Understanding Vertica Import and Export
Vertica provides import and export capabilities that allow you to move data between two Vertica clusters. Importing and exporting data between clusters is faster than streaming data over STDIN or using a vsql connection for the reasons described in this document.
Import and Export: An Overview
The import and export processes operate as mirror images. A cluster that exports the data executes the equivalent of a SELECT statement. A cluster that imports the data executes the equivalent of a COPY statement. The mechanics of an import/export operation resemble an INSERT... SELECT ... query.
This document refers to the cluster exporting the data as the source cluster, and the cluster importing the data as the target cluster. Data moves from a table in the source cluster to a similar table in the target cluster. These clusters and tables may have different topologies and other characteristics such as:
- Numbers of nodes
- Database versions
- Numbers of projections
- Column data types
- Segmentation
- Users
- Configuration settings
To illustrate how import and export work, the examples in this document use two Vertica clusters:
- Source cluster: 3 nodes (10.100.0.55, 10.100.0.66, 10.100.0.77)

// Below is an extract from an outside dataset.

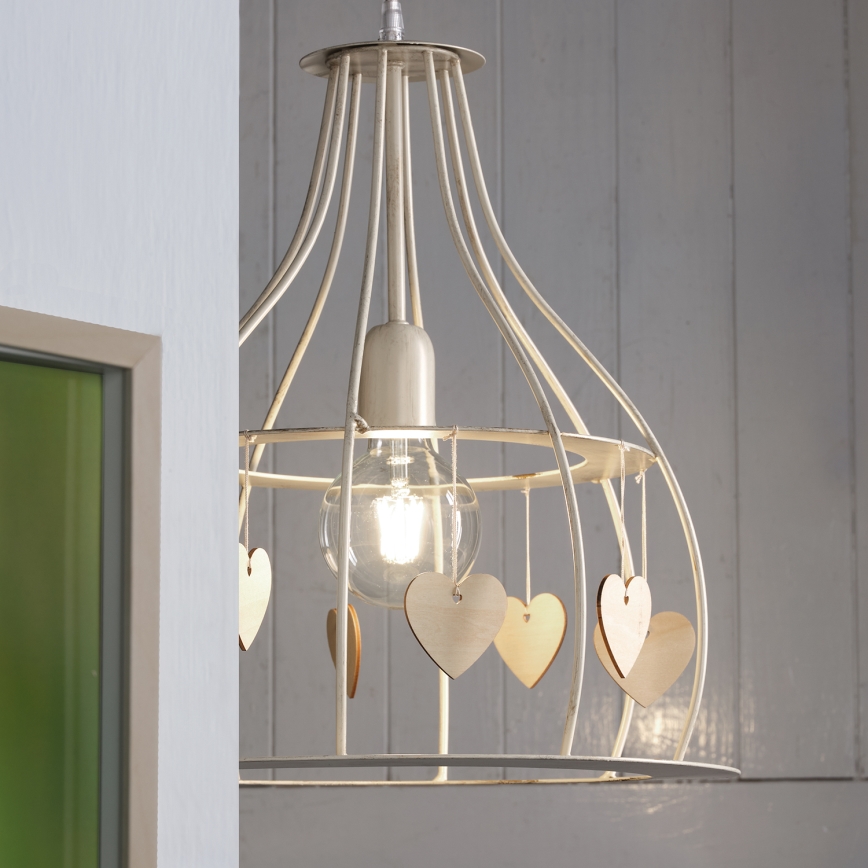 ONLI - Luster na sajli LEONILDE 1xE27/15W/230V bež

- Target cluster: 2 nodes (10.100.0.88, 10.100.0.99)
How Does Export Work?
On the source cluster, an export operation typically executes as the following commands. First, the source database connects to the target database. Then the source executes the EXPORT TO VERTICA query, which specifies the SELECT statement that retrieves the data to export to the target:
source=> CONNECT TO VERTICA VerticaDBTarget USER dbadmin PASSWORD '' ON '10.100.0.88',5433; source=> EXPORT TO VERTICA VerticaDBTarget.tgt_table (n,a,b) AS SELECT n AS col1, a as col2 , b as col3 from src_table;
The source executes the SELECT statement in the EXPORT statement above to retrieve the data to be exported. The target creates a COPY statement to connect to the source and receives the output of the SELECT statement.

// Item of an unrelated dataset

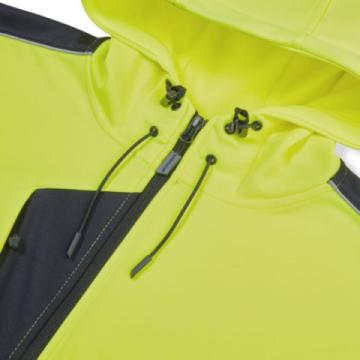 system hi vis eco zip thru yellow hoodie front close up 1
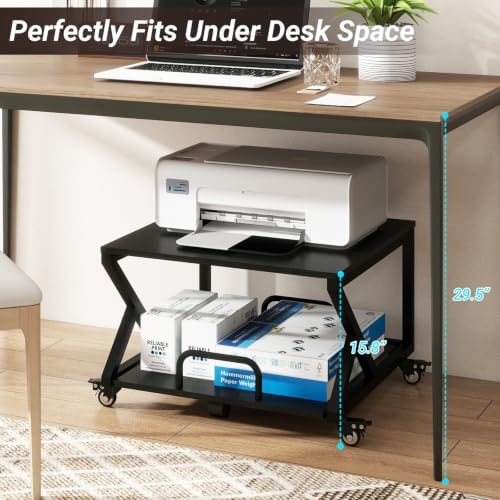 Natwind 2 Tier Printer Stand,23.6''x23.6'',with Pull Out Shelf,Black - Image 3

This COPY statement contains the information needed for the target cluster to connect to the source cluster and stream the data. This information includes IP addresses, port numbers, data types and column names, and encoding and compression information.
The COPY statement copies the output from the SELECT statement executes on the source and stores that data on the target.
The following graphic illustrates the EXPORT process:
To see the exact COPY statement that executes on the target database, query the SESSIONS system table. Because multiple concurrent TCP streams are loading data, this COPY statement tends to execute faster than using vsql or copying data from STDIN.
target=> SELECT user_name, node_name, current_statement FROM sessions; user_name | node_name | -----------+----------------------------+---------------------------------------------------- dbadmin | v_VerticaDBTarget_node0001 | COPY tgt FROM EXPORT ':SendExport explainBits:0 ... (1 rows)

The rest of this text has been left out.